If b = 0x7fffffff and c = 0x7fffffff, b and c both fit in 31 bits, and b + c overflows to -2 in signed int32 twos-complement math (I think).
If b = 0x40000000 and c = 0x40000000, b and c both fit in 31 bits, and b + c overflows to -2147483648 in signed int32 twos-complement math (I think).
Maybe the definition of "32 bit integer type" you're using is meant to encompass only 32 bits as all unsigned (but then there are a - b terms that would overflow if b > a).
They don't fit into a 31 bit two's complement (i.e. signed) representation, in terms of representing their interpretation as the familiar 32 bit INT_MAX.

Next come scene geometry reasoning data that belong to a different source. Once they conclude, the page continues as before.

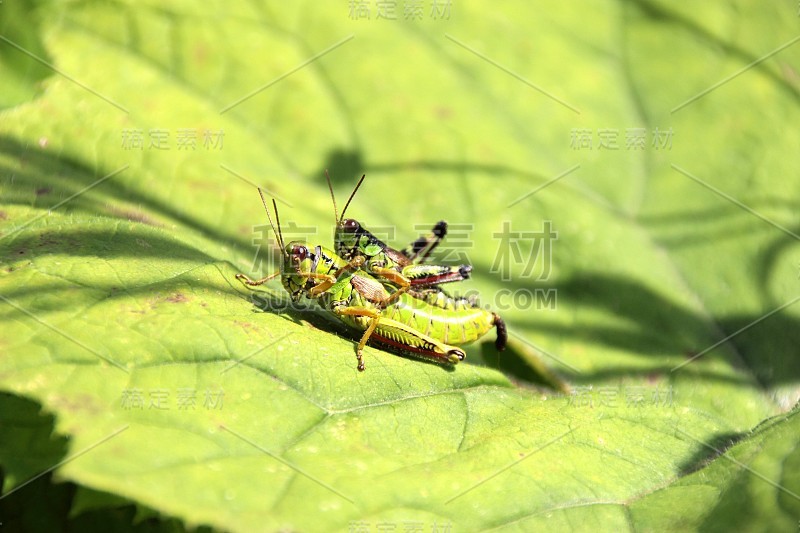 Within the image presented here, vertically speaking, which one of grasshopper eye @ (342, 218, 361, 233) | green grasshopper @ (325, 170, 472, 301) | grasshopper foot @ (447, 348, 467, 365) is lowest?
grasshopper foot @ (447, 348, 467, 365)

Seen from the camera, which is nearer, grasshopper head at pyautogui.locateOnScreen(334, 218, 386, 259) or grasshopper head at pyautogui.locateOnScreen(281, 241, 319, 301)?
grasshopper head at pyautogui.locateOnScreen(281, 241, 319, 301)

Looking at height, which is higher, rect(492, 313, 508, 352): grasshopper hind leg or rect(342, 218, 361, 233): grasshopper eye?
rect(342, 218, 361, 233): grasshopper eye

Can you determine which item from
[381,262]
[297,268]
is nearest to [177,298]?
[297,268]

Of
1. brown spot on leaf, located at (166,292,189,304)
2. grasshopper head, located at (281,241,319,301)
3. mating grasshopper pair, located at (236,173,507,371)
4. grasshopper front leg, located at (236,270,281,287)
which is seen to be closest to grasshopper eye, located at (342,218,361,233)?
mating grasshopper pair, located at (236,173,507,371)

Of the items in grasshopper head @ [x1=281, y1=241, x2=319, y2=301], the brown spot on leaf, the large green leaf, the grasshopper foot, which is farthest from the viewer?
grasshopper head @ [x1=281, y1=241, x2=319, y2=301]

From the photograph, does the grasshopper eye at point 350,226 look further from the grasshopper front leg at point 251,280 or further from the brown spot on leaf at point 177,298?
the brown spot on leaf at point 177,298

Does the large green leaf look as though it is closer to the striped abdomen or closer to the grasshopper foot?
the grasshopper foot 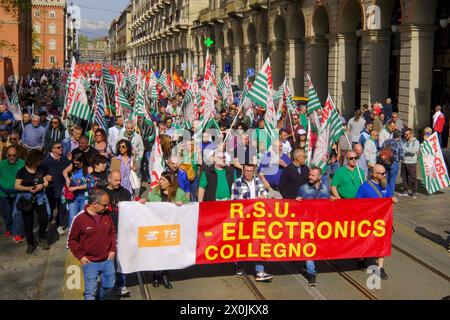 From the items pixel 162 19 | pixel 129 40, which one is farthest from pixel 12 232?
pixel 129 40

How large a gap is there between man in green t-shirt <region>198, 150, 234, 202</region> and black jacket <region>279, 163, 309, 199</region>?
84 centimetres

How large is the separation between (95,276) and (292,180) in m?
3.48

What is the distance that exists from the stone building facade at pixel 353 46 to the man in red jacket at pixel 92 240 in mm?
17720

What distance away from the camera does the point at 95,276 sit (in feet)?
20.5

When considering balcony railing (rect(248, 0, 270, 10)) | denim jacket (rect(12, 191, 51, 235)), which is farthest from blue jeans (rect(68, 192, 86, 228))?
balcony railing (rect(248, 0, 270, 10))

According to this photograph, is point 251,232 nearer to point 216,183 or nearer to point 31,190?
point 216,183

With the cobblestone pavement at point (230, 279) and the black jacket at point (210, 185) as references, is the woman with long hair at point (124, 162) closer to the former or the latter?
the cobblestone pavement at point (230, 279)

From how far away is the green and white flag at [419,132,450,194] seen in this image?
1154 cm

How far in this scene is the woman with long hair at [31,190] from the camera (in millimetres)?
8844

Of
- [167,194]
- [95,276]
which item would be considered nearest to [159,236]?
[167,194]

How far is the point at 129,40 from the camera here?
446ft

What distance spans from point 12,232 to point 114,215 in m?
3.34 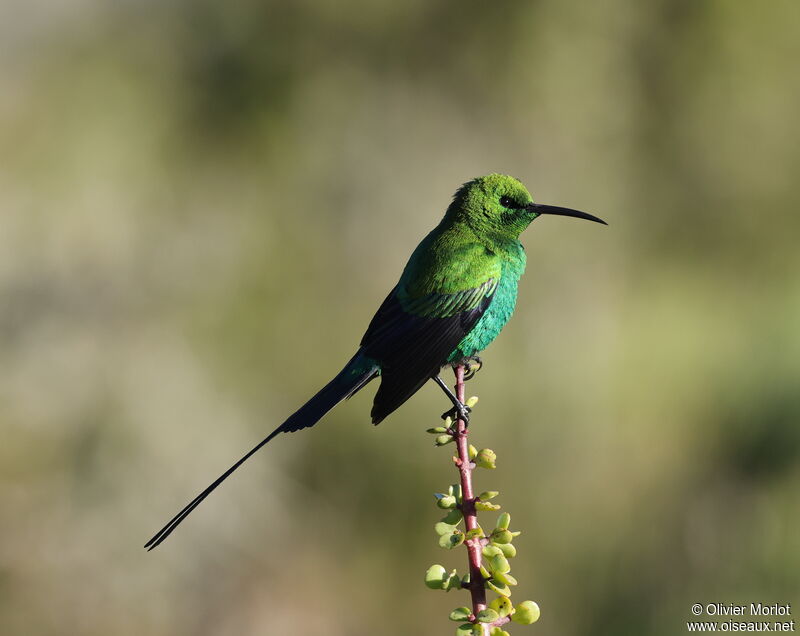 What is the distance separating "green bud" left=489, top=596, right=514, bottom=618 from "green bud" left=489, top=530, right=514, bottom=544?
0.10m

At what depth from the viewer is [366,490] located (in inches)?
215

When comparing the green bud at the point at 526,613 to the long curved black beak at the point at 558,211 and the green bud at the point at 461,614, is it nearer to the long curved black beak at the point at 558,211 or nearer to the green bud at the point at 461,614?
the green bud at the point at 461,614

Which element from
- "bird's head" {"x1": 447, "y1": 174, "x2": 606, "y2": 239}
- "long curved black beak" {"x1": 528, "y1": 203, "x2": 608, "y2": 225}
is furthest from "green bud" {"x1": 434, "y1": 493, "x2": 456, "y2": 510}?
"bird's head" {"x1": 447, "y1": 174, "x2": 606, "y2": 239}

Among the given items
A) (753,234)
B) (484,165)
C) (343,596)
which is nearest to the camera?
(343,596)

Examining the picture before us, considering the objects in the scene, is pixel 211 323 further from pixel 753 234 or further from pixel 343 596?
pixel 753 234

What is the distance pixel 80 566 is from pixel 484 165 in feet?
11.4

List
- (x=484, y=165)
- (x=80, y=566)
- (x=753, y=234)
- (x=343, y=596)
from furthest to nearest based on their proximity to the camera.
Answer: (x=753, y=234) < (x=484, y=165) < (x=343, y=596) < (x=80, y=566)

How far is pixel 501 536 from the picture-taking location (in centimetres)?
150

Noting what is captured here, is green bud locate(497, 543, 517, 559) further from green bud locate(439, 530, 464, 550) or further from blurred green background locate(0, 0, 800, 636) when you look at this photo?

31 bit two's complement goes from -0x40000000 to 0x3FFFFFFF. There is a 0x7FFFFFFF bit pattern, which represents -0x00000001. It has a sign bit which is 1. (So, adding that to itself does go to -2, but under that interpretation there is no overflow.)
Any pair of values in that range can be added or subtracted in 32 bit two's complement.
Including the most negative value: -0x40000000 + -0x40000000 = -0x80000000.
If b = 0x40000000 and c = 0x40000000, b and c both fit in 31 bits, and b + c overflows to -2147483648 in signed int32 twos-complement math (I think).
Maybe the definition of "32 bit integer type" you're using is meant to encompass only 32 bits as all unsigned (but then there are a - b terms that would overflow if b > a).
Or perhaps I've gotten something else wrong.